At the hand specialists office, I had to sign a form exonerating my insurance company from paying for the visit and collateral services if it could be determined that any other entity was responsible for the costs. This is for L&I, of course. At first I declined to fill out the form citing uncertainty as to the cause. I said I didn't want to sign anything legally binding when I was unsure. I was told that I could not see the doctor unless I signed the form, so I signed the form. I put "I don't know" for every question.

Bastards. I'm not the customer; I am the means. I despise it.

The MRI came back sparkling and meaty. I loved seeing the anatomy, my perfect white bones and ultrawhite veins. The good news: no fractures or cysts. The bad news: no obvious culprit to explain the pain.

The prescription: Wait four weeks and call if it still hurts.

He said, "You know, it could be that the ulnar nerve is just a little irritated. It might recover on its own. Nerves aren’t like other tissues—they don't heal as quickly. It could take weeks for it to heal."
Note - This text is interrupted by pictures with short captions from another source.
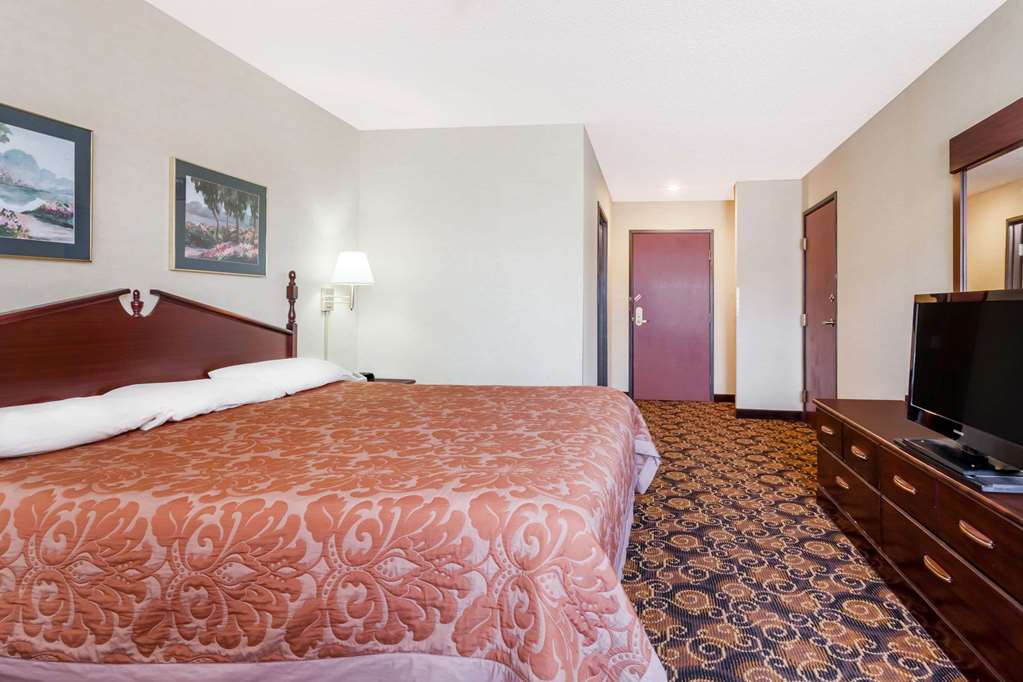 Super 8 by Wyndham Evansville North - photo 15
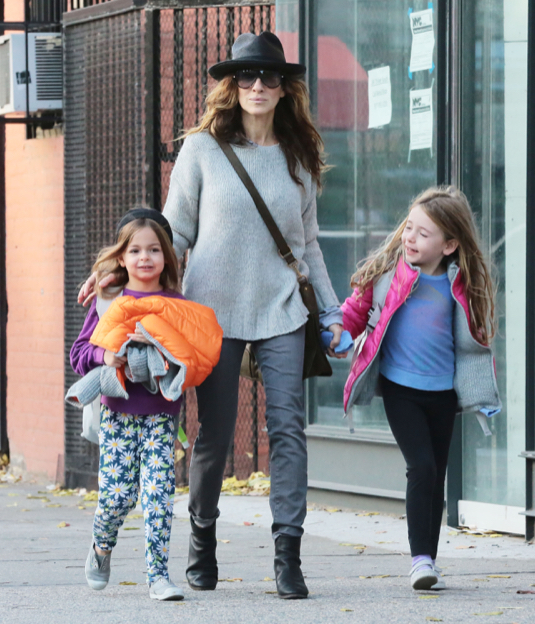 Sarah Jessica Parker Out In NYC With Her Daughters | Celeb Baby Laundry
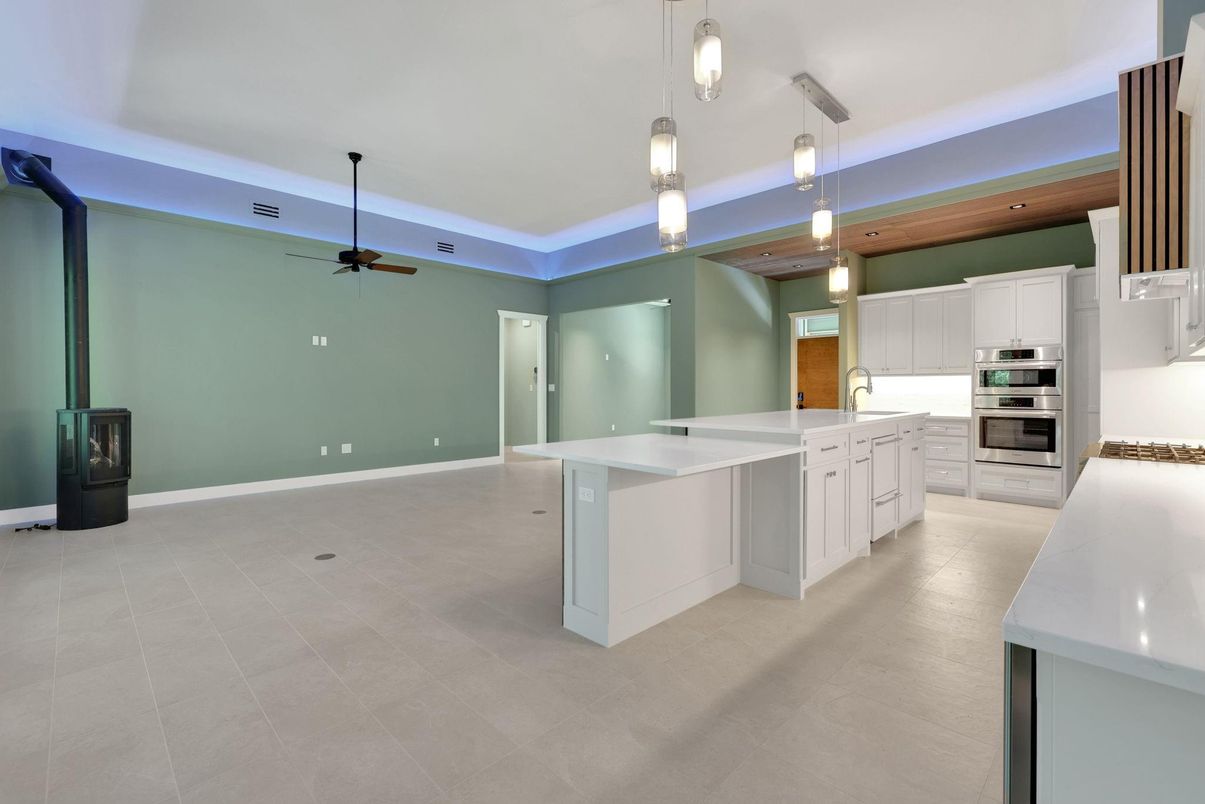 Interior, Kitchen, Pendant Lights, Stainless Steel Appliances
This is what I learned on the Web before I visited my GP the first time, information that I shared with her. I know that the diagnostic tests were needed to close the door on more serious issues, but the time and cost wasted just to return to the beginning is a profound disappointment. I'm dreading the bill.
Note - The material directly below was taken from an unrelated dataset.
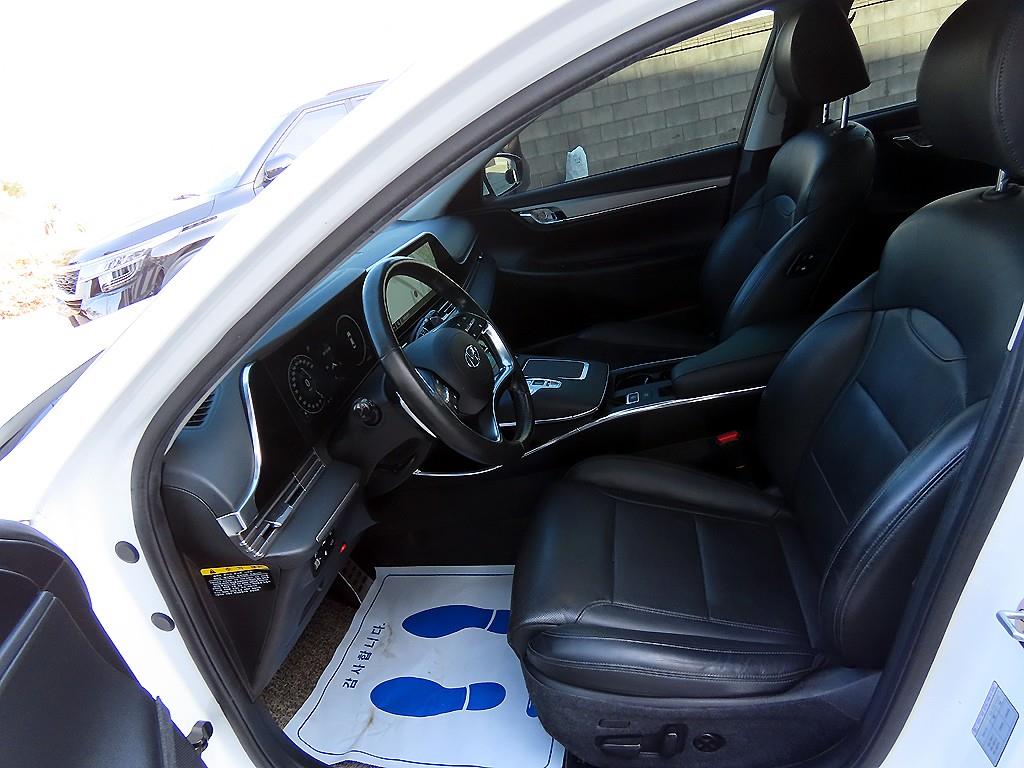 HYUNDAI Grandeur - Vista 5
In the meantime, no pressure on the palm—no riding, no downward dog, etc.

When did doctors cease to be consultants and become simply data points in solo health management? I hate that along with all the other stuff I need to know, I must also be a medical case manager. While it makes sense that I would be the only one qualified to provide the context of my experience, it makes no sense to me that doctors are unwilling to listen to the whole story. At the other extreme, holistic practitioners are clueless about specifics. I mean that my GP and hand specialist will not look any further than the exact spot in my palm where the pain is acute. Nevermind that I keep telling them that I've had pain in my back, shoulder, elbow, and sometimes my forearm. The hand specialist, when I told him about the arm stuff the second time, said, "That's not ringing a bell." Fine. He can help me with the hand. I'll figure out something else for the rest of it. But what if instead of ignoring it completely one of my doctors took me seriously and helped me decide who to see that might be able to investigate what I think is true?

Recently I had a sports massage. The therapist was all over the holistic idea. "Of course all this is connected." He said that we tend to carry our stress on the left side. He buried his hands in my back where it hurts the worst, this single spot which aches when I move my left arm—the arm connected to the palm where the nerve pain is. But when I asked him what he meant when he said my palm felt "gravelly" he said he didn't know what caused that.

Somewhere in between these extreme points of view is an answer. I know that there's some kind of larger problem. All the structural problems reside in the left side: knee and hip pain, and now the back, shoulder, elbow and palm. What a hassle to have to research a path through various providers to find something that will address the cause and not the symptoms. I hate that it's going to be a pricey trial and error.